Tous les états et en particulier, les plus puissants, semblent prendre en compte le défi climatique et participeront au sommet de Copenhague afin d’inverser le processus le réchauffement de la planète, alors que le G8 (les pays les plus riches et les plus libéraux) ne s’est pas rendu au sommet de Rome sur la sécurité alimentaire (plus d’un milliard de personnes souffrent désormais de faim chronique et 24 000 personnes meurent chaque jour de faim ou de problèmes de sous-alimentation). Autre contradiction, on a célébré à juste titre la chute du mur de Berlin, mais quel silence sur les autres murs érigés depuis 1989 : aucune réflexion sur les 17 murs de la honte dans le monde. On recense aujourd’hui 7 500 km de murs et si les projets annoncés sont menés à terme ils atteindront les 17 000 km. Ils attisent la haine, la peur d’autrui, la crainte et le repli : les visibles, comme le mur dressé par les Israéliens face au peuple palestinien ; les invisibles, comme cette Europe qui se replie dans l’Espace Schengen et qui permet ainsi à M. Besson de pourchasser des clandestins innocents et d’agiter le spectre d’une « identité nationale soi-disant menacée ».

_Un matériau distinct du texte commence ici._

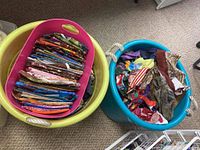 Two plastic storage bins with folded and loose fabric scraps in varied colors and patterns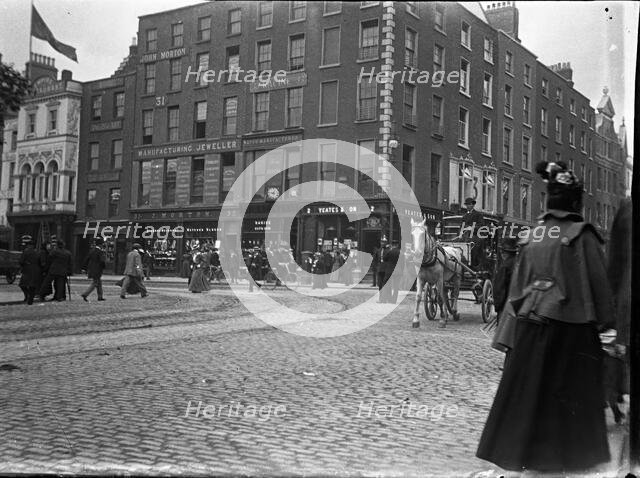 Racine Watch and clock makers building established 1833 (Ireland), 1895. Creator: Robert Augustus Henry L'Estrange.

Autre paradoxe, face à la crise qui secoue le monde capitaliste, l’intervention de l’État est apparue indispensable et pourtant nous assistons depuis à un retour en force des valeurs libérales, en particulier, l’allégement du poids de la puissance publique. Ainsi la droite détricote lentement mais avec beaucoup de pugnacité idéologique, les acquis de justice et de solidarité instaurés par le Conseil National de la Résistance : les services publics, les emplois, la sécurité sociale ... par exemple, N. Sarkozy, de nouveau, s’empare du thème de la sécurité et en même temps, il diminue les effectifs de police, (ce qui entraîne la fermeture du bureau de police de Beaumont) ; Il s’attaque aux collectivités territoriales et à leurs éventuelles « dépenses dispendieuses » mais pour pallier les déficiences de plus en plus nombreuses de l’État, les communes doivent développer des services publics de proximité (CCAS, police municipale, état civil ...).

En parlant de la situation écologique de la planète, J. Chirac disait « La maison brûle et nous regardons ailleurs ». Cette maxime est à attribuer aux actes politiques de la droite : la maison France brûle, les solidarités sont mises à mal et la précarité est devenue un état permanent. Aujourd’hui la société est une société d’individus, elle a donc besoin de l’État comme principe d’unification et de protection. Repeindre en vert le capitalisme n’est pas suffisant. Les états doivent mettre en place un mode de développement qui soit à la fois durable, soutenable et renouvelable sur le plan écologique, générateur de progrès social et d’émancipation humaine, démocratique et citoyen.